The result is a clean conceptual bridge: binary’s bit flips can be viewed as a reverse-engineering of the recursive Hanoi algorithm. And the payoff is promised to go further—this same fractal, self-similar logic is set up to connect to generating a curve that fills Sierpinski’s triangle in the next installment.
Cornell Notes
Binary counting provides a direct, rule-based way to execute the Towers of Hanoi moves. Each disk corresponds to a level of binary significance: disk 0 moves whenever only the last bit flips; disk 1 moves when the last two bits flip during a rollover; disk 2 moves on rollovers affecting the last three bits, and so on. The legality of each move comes from constraints—smaller disks block some pegs and forbid placing larger disks on top of them—so the “forced” destination is determined automatically. The efficiency is explained by recursion: moving disk k requires clearing disks 0..k−1, moving disk k once, then restoring disks 0..k−1. Binary’s self-similar rollover pattern mirrors that exact subproblem-then-single-move-then-subproblem structure.

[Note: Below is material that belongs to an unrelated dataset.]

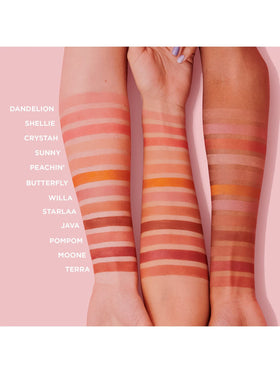 Benefit Shellie on vanity table styled for daily routine adding polished cheek color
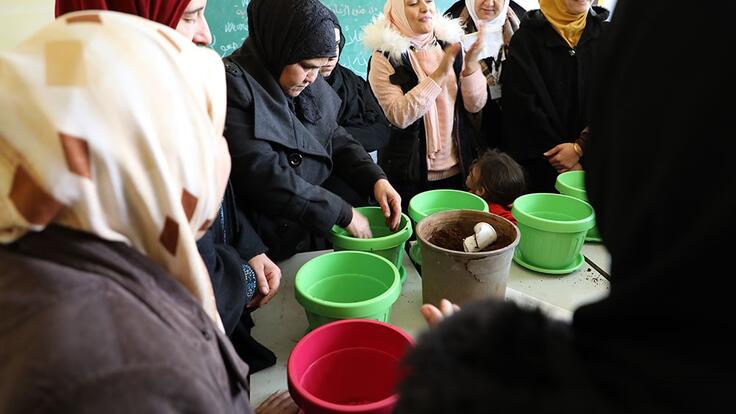 This group of women are participating in an activity called ‘Planting Seeds of Hope’in North Lebanon. This activity aims to empower women to build new skills for their futures.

How does a binary rollover determine which Hanoi disk moves?
Why is the move always legal, even though the rule seems to “jump” disks at rollovers?
What makes the binary method optimal rather than just correct?
How does the “self-similarity” of binary counting match the recursion of Hanoi?
Can the smallest example show the correspondence concretely?
Review Questions
- When counting in binary, what specific condition tells you to move disk 1 rather than disk 0?
- Explain the recursive strategy for moving disk k in Towers of Hanoi and relate each stage to a corresponding part of the binary counting pattern.
- Why does the “forced destination” rule (only one legal peg) matter for the correctness of the binary-to-Hanoi mapping?
Key Points
- 1
Binary counting can be translated into Towers of Hanoi moves by using which trailing bits flip at each increment.
- 2
Flipping only the last bit moves disk 0 one peg to the right, with wraparound from the last peg to the first.
- 3
A rollover that flips the last two bits moves disk 1, and the destination is forced by the current positions of smaller disks.
- 4
The method scales: rollovers affecting larger trailing-bit blocks correspond to moving higher-numbered disks.
- 5
Optimality follows from recursion: moving disk k requires clearing disks 0..k−1, moving disk k once, then restoring disks 0..k−1—steps that any solution must include.
- 6
Binary counting and Hanoi share the same self-similar structure: subproblem, single “big move,” subproblem at every scale.